--- EXERCISE DIRECTIONS ---
Copy out the data exactly as it appears, without a single image.

--- PROVIDED DATA ---
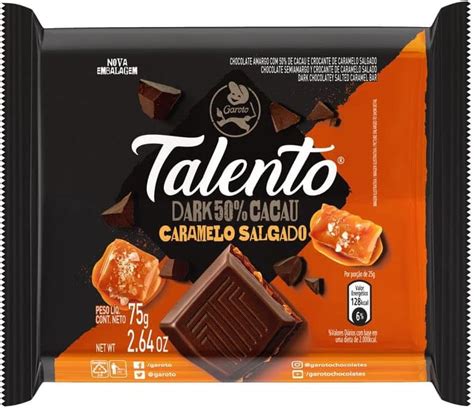 Chocolate Talento Dark Caramelo E Sal G Garoto Amazon Br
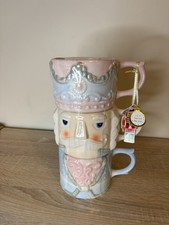 TK Maxx Christmas Mug Set of 3 Nutcracker Festive Cups Stack Pastel Colours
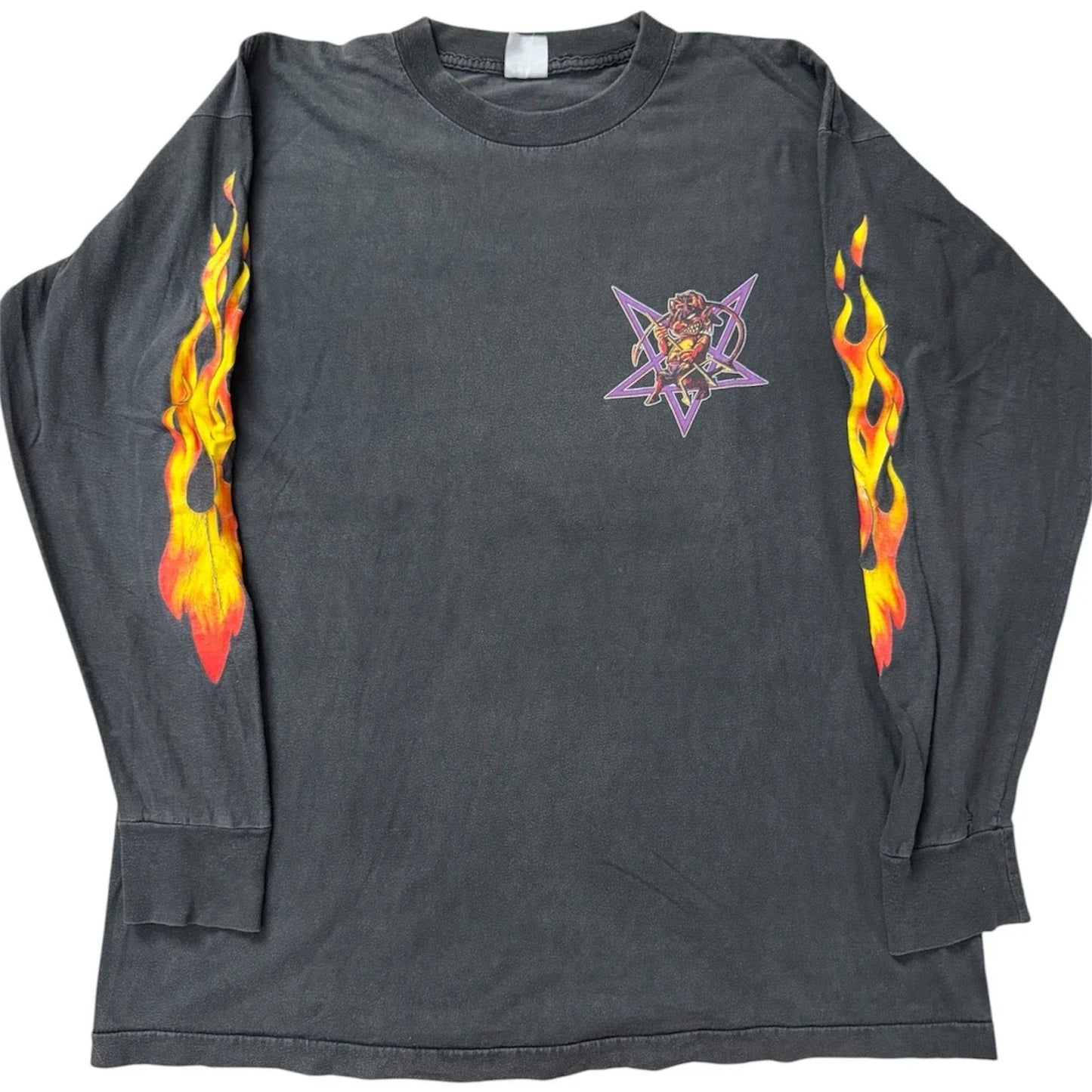 Vintage 1993 Ugly Kid Joe Goddamn Devil Flame Long Sleeve Band Shirt XL Unisex T-shirt, Sweatshirt, Hoodie, Long Sleeve Tee - T-Shirt, Sweatshirt, Hoodie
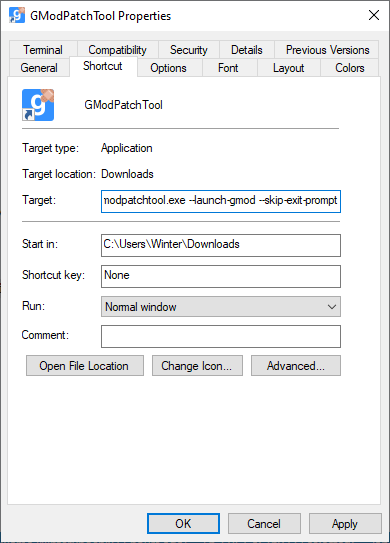 GModPatchTool Shortcut with auto-launch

--- WRITTEN ANSWER ---
 Chocolate Talento Dark Caramelo E Sal G Garoto Amazon Br
 TK Maxx Christmas Mug Set of 3 Nutcracker Festive Cups Stack Pastel Colours
 Vintage 1993 Ugly Kid Joe Goddamn Devil Flame Long Sleeve Band Shirt XL Unisex T-shirt, Sweatshirt, Hoodie, Long Sleeve Tee - T-Shirt, Sweatshirt, Hoodie
 GModPatchTool Shortcut with auto-launch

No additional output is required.